In our study, we have not analyzed the tumors for somatic events such as chromosomal translocations or large copy number alterations (CNA). Methods developed for this purpose (38–40
), rely more on the correct mapping of read pairs than accurate sequence. We have only sequenced single reads, and were thus not able to perform this analysis. We believe that the vast majority of the reads mapped in our FFPE tumor samples are mapped at the correct location. However, it is possible that the sensitivity of translocation or CNA detection would be affected as a greater number of reads might have ambiguous mappings due to the mismatches introduced by the FFPE damage. Various distributions of insert size in read pairs, especially large ones (1–10
kb) obtained through mate-pair libraries, can also improve the sensitivity of the detection of large deletions. However, the FFPE process fragments the DNA and therefore would not be adequate for such studies.

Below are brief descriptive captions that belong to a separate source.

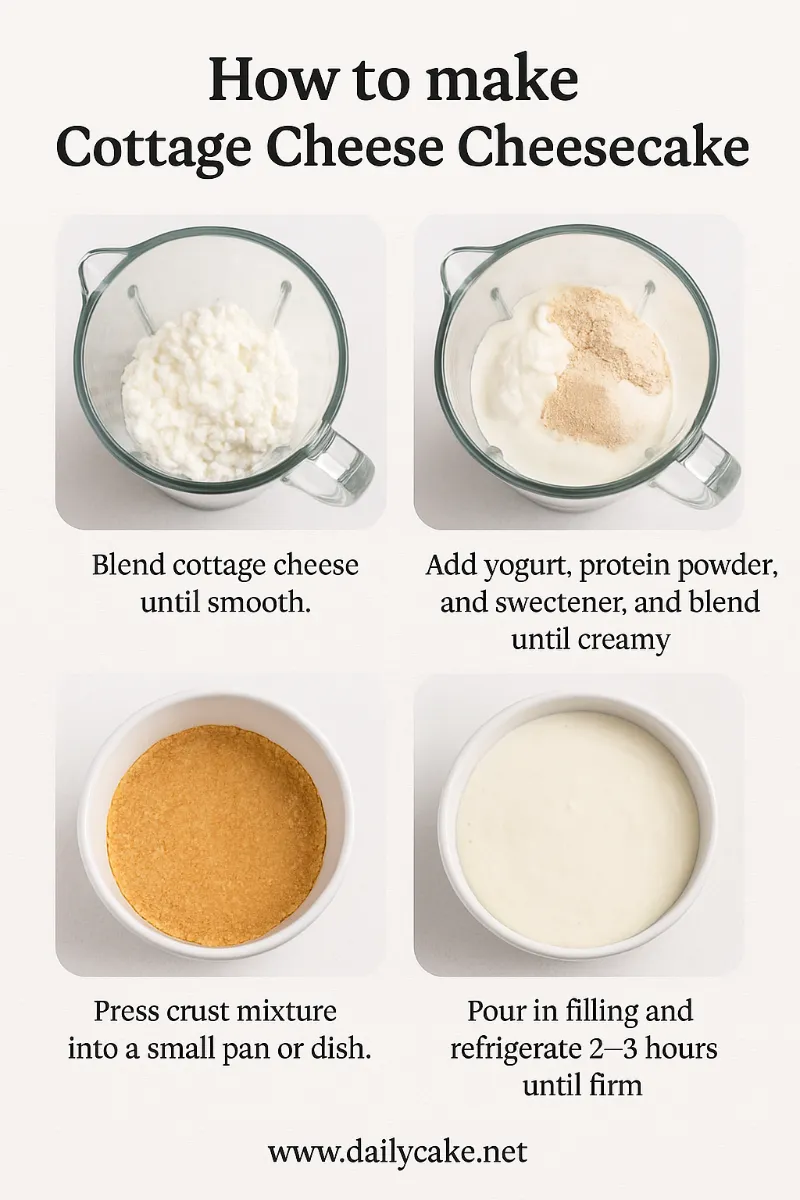How-to-Make-Cottage-Cheese-Cheesecake Infographic showing steps to make cottage cheese cheesecake: blend cottage cheese, add yogurt and protein powder, press crust into a dish, pour in filling, and refrigerate until firm.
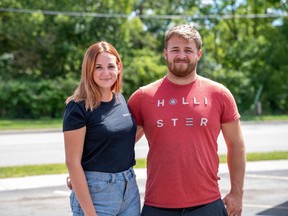 Devon Heather, 22, shown with his wife Lindsay, has a rare eye disease that causes rapid vision loss. Electronic glasses, which cost about $10,000, have shown to improve patients' vision. His glasses, expected to arrive in early September, were purchased with support from the GoFundMe campaign.(Max Martin/The London Free Press)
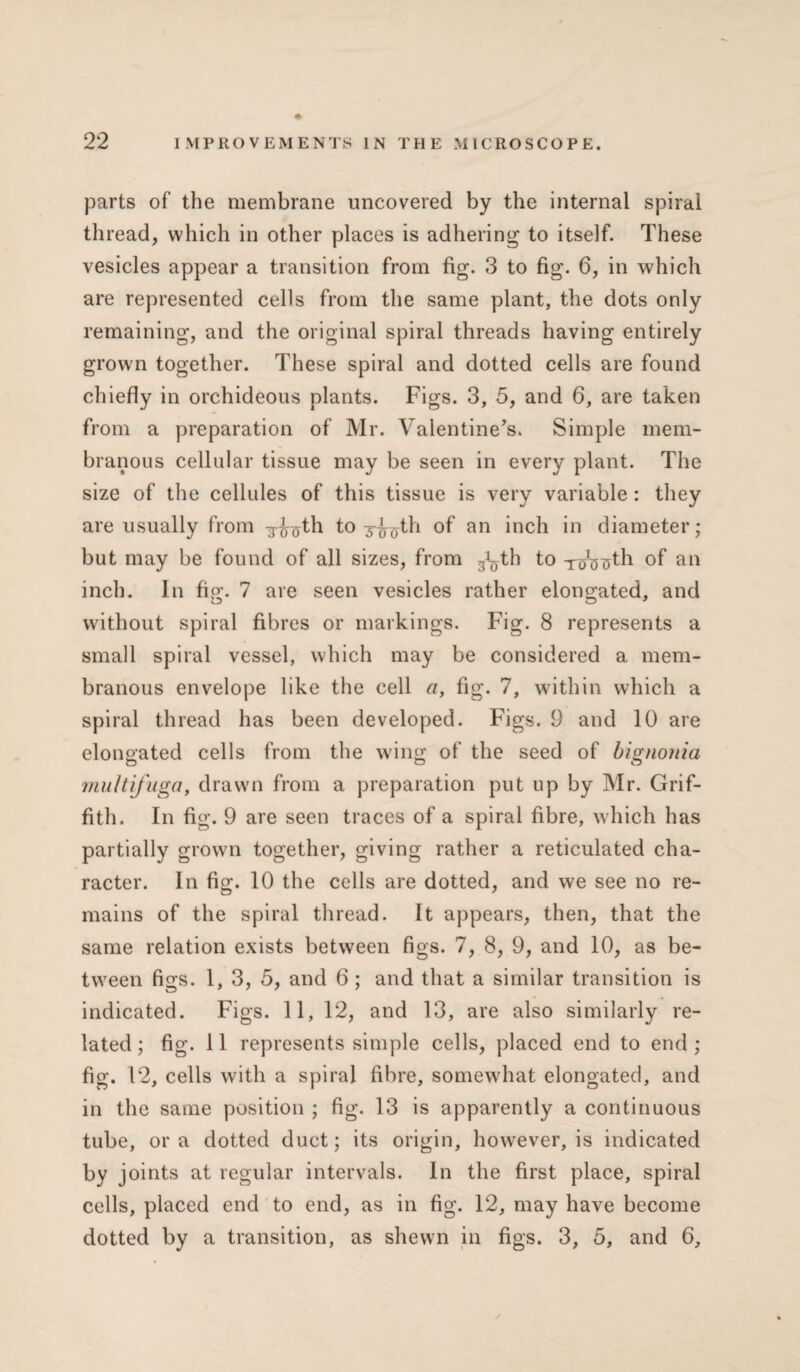 parts of the membrane uncovered by the internal spiral thread, which in other places is adhering to itself. These vesicles appear a transition from fig. 3 to fig. 6, in which are represented cells from the same plant, the dots only remaining, and the original spiral threads having entirely grown together. These spiral and dotted cells are found chiefly in orchideous plants. Figs. 3, 5, and 6, are taken from a preparation of Mr. Valentine’s. Simple mem¬ branous cellular tissue may be seen in every plant. The size of the cellules of this tissue is very variable : they are usually from -g-J^th to y-^th of an inch in diameter; but may be found of all sizes, from 3^th to xoWth of an inch. In fig. 7 are seen vesicles rather elongated, and without spiral fibres or markings. Fig. 8 represents a small spiral vessel, which may be considered a mem¬ branous envelope like the cell a, fig. 7, within which a spiral thread has been developed. Figs. 9 and 10 are elongated cells from the wing of the seed of bignonia multij'uga, drawn from a preparation put up by Mr. Grif¬ fith. In fig. 9 are seen traces of a spiral fibre, which has partially grown together, giving rather a reticulated cha¬ racter. In fig. 10 the cells are dotted, and we see no re¬ mains of the spiral thread. It appears, then, that the same relation exists between figs. 7, 8, 9, and 10, as be¬ tween figs. 1, 3, 5, and 6 ; and that a similar transition is indicated. Figs. 11, 12, and 13, are also similarly re¬ lated ; fig. 11 represents simple cells, placed end to end ; fig. 12, cells with a spiral fibre, somewhat elongated, and in the same position ; fig. 13 is apparently a continuous tube, ora dotted duct; its origin, however, is indicated by joints at regular intervals. In the first place, spiral cells, placed end to end, as in fig. 12, may have become dotted by a transition, as shewn in figs. 3, 5, and 6,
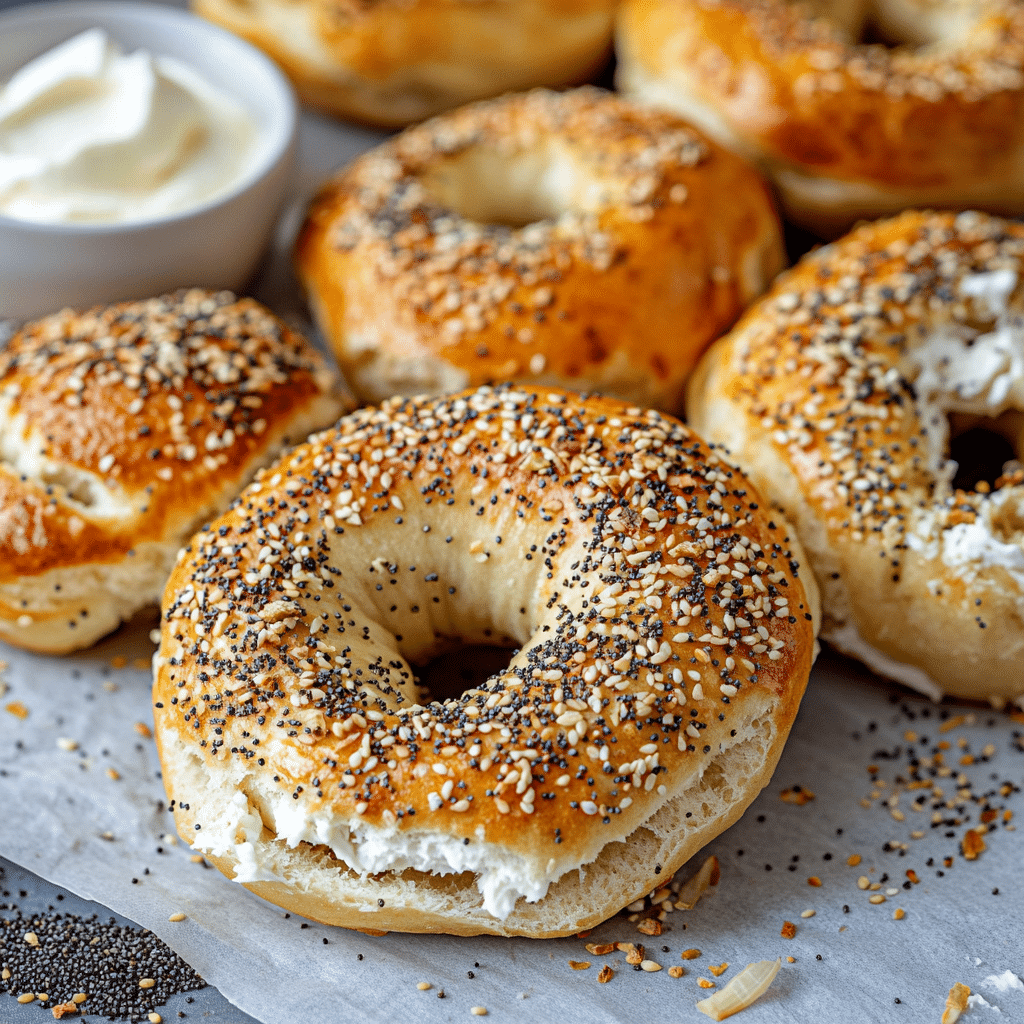 High protein bagels topped with sesame and poppy seeds with cream cheese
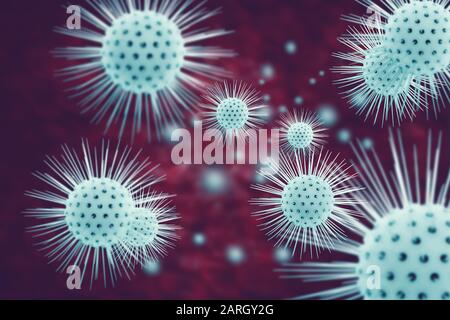 3D-Abbildung Virusinfektion, die chronische Erkrankungen verursacht. Corona-Virus, Hepatitisviren, Influenza-Virus H1N1, Grippe, Zellinfiz-Organismus, Hilfsmittel. Virus Stockfoto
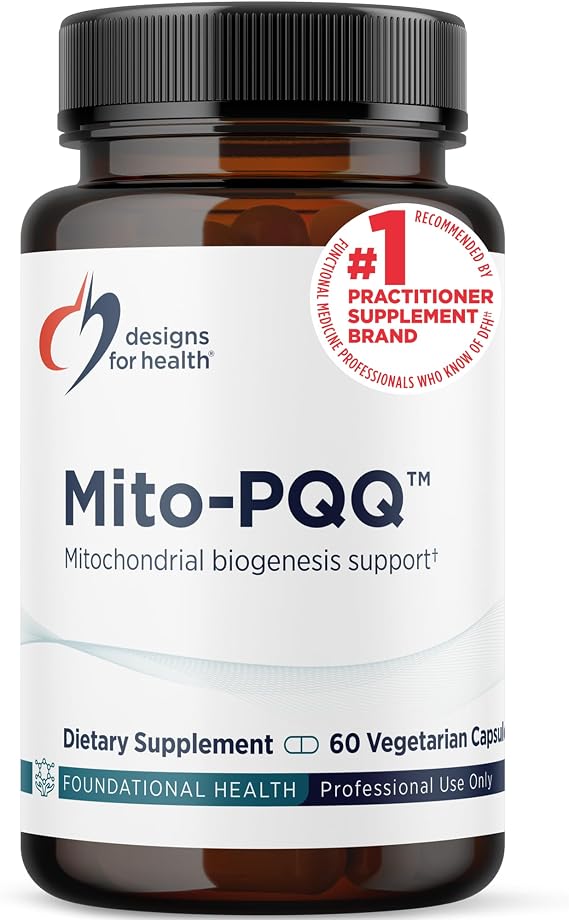 Designs for Health Mitochondria Energy Formula with Bio-PQQ - Mito-PQQ Rhodiola + 20mg PQQ (Pyrroloquinoline Quinone) Supplement - Supports Mitochondrial Biogenesis + Healthy Aging (60 Capsules)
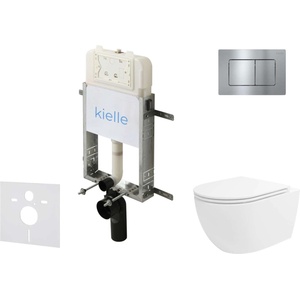 kielle Genesis New - Комплект структура за вграждане, тоалетна чиния Oudee Vortex, Rimless+, SoftClose седалка и бутон Gemini New III, лъскав хром 30528SZ35 (30528SZ35)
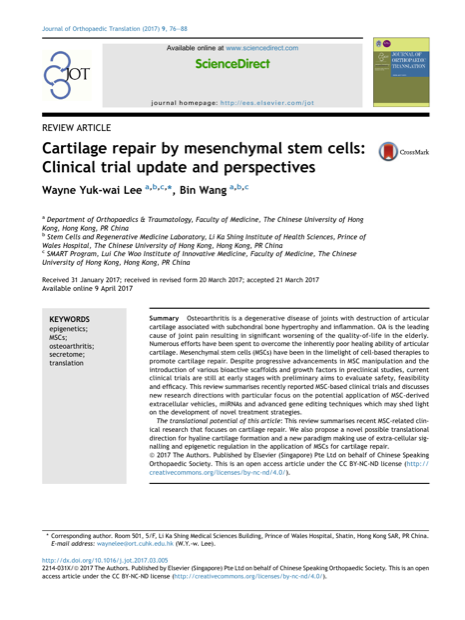 Cartilage Repair by Mesenchymal Stem Cells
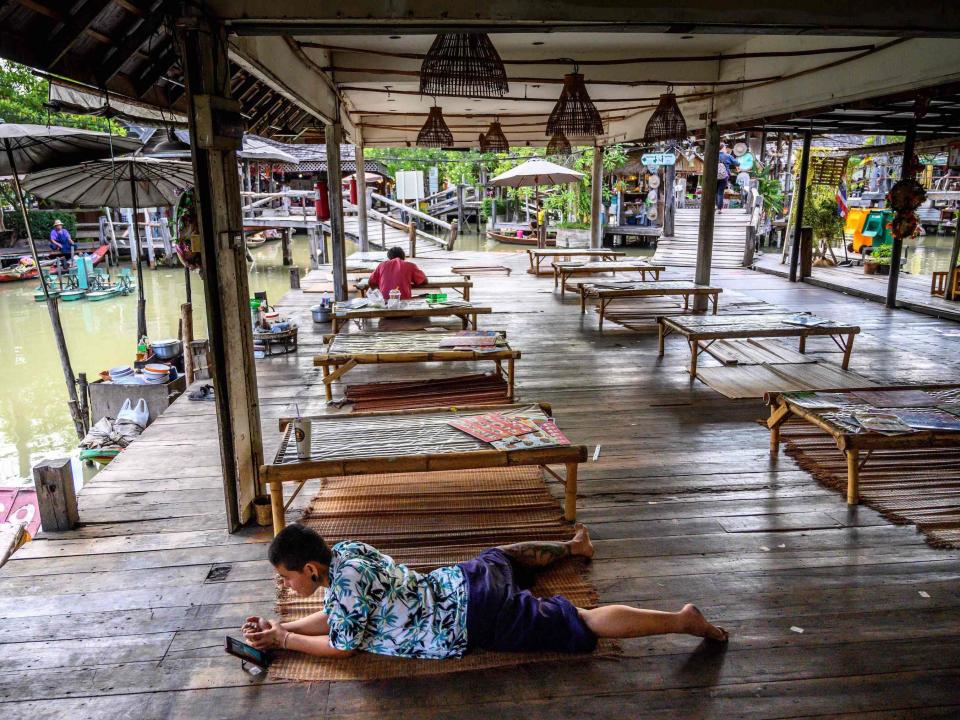 Empty food court at floating market in Pattaya during coronavirus outbreak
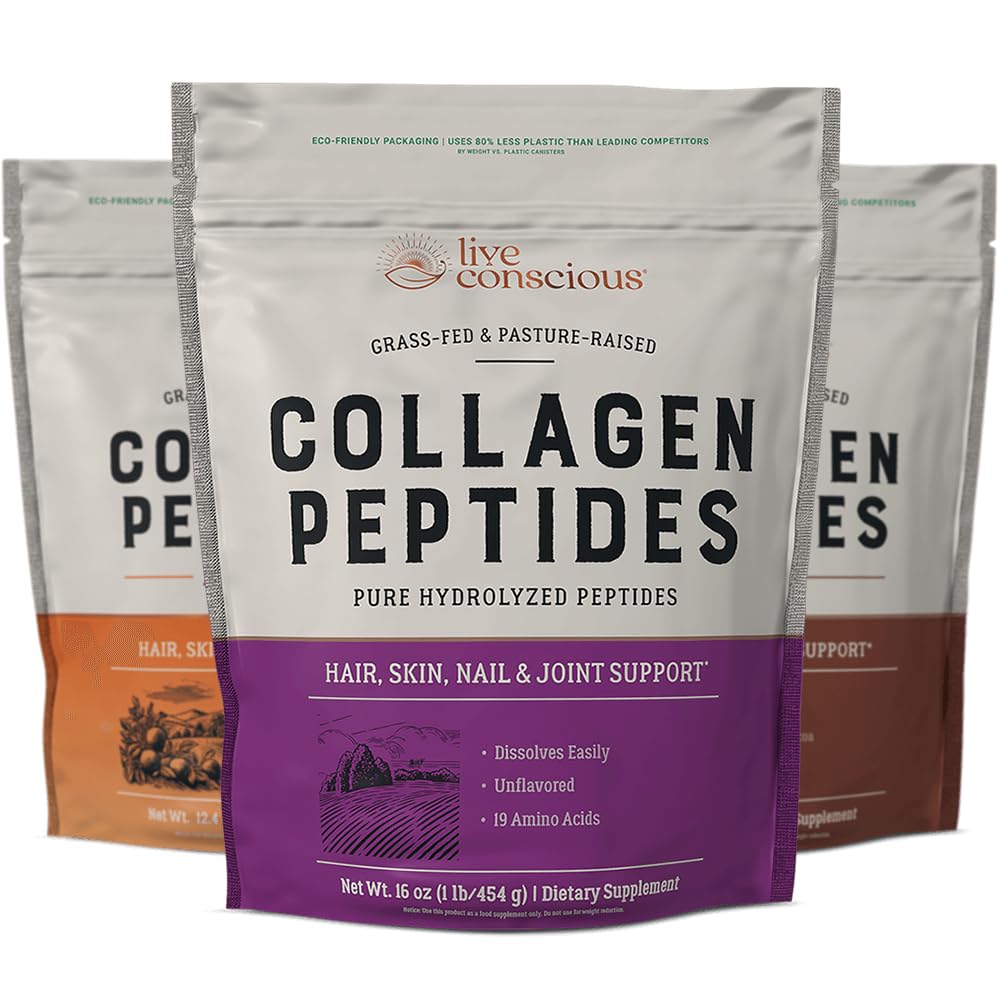 Live Conscious Collagen Peptides Flavor Bundle - Unflavored, Chocolate, Peach Mango Flavored Collagen Powder - Hair, Skin, Nail, & Joint Support - Type I & III Collagen Supplements for Women & Men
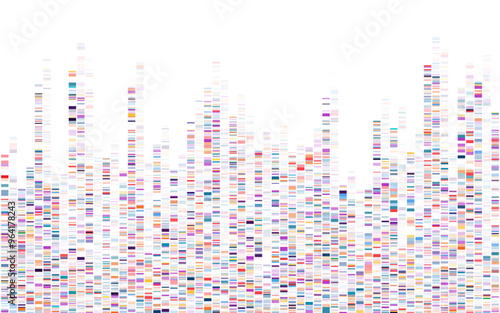 Dna test infographic. Genome sequence map.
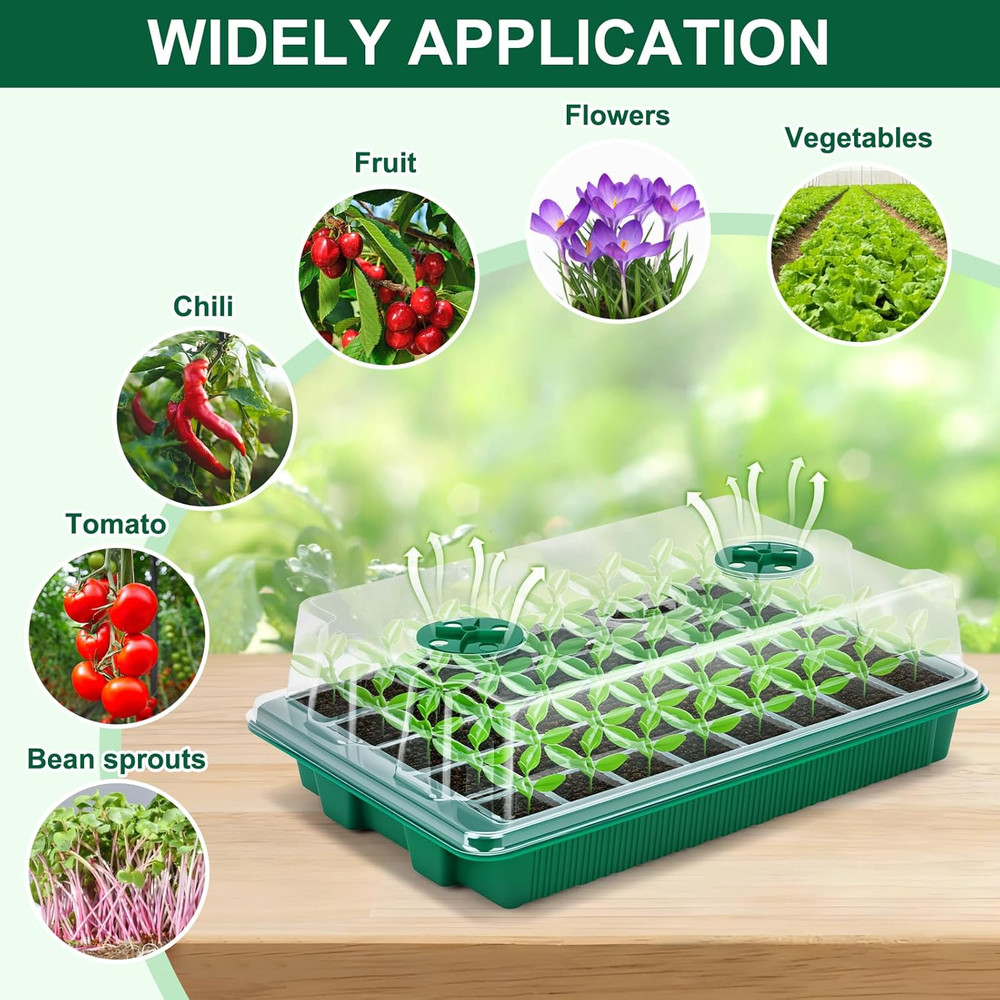 5 Pack Seed Starter Tray Seed Starter Kit (200 Cells Total Tray) with Adjustable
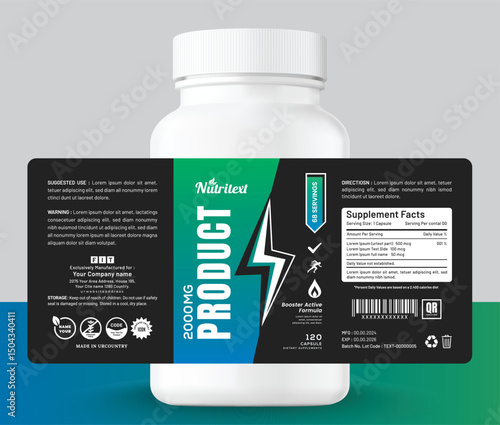 Creative protein supplement label with bold text, power green theme, ideal for gym fitness energy products packaging.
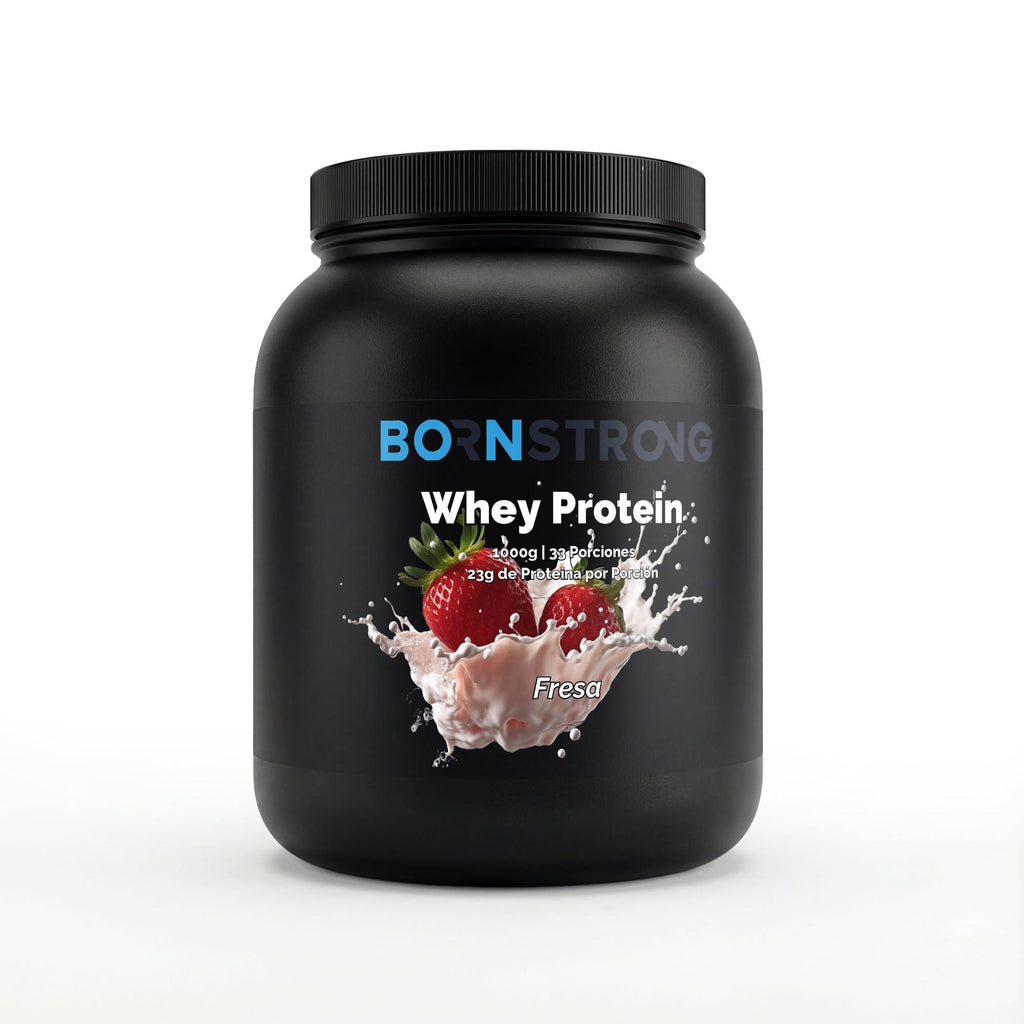 Premium Whey Protein Fresa • Proteína Limpia 97% - BORNSTRONG FITNESS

Overall, our study demonstrates that a methodical characterization and analysis of the sequencing data can reduce the noise resulting from formalin fixation induced DNA damage and lead to calling a high-confidence set of somatic mutations. This opens up the possibility of sequencing huge archives of stored clinical FFPE samples of a variety of cancers. Furthermore, we demonstrate that a limited amount of DNA can be used for a genome-wide deep sequencing analysis, which enables studies on small clusters of tumor cells such residual cancer after treatment or dormant metastases.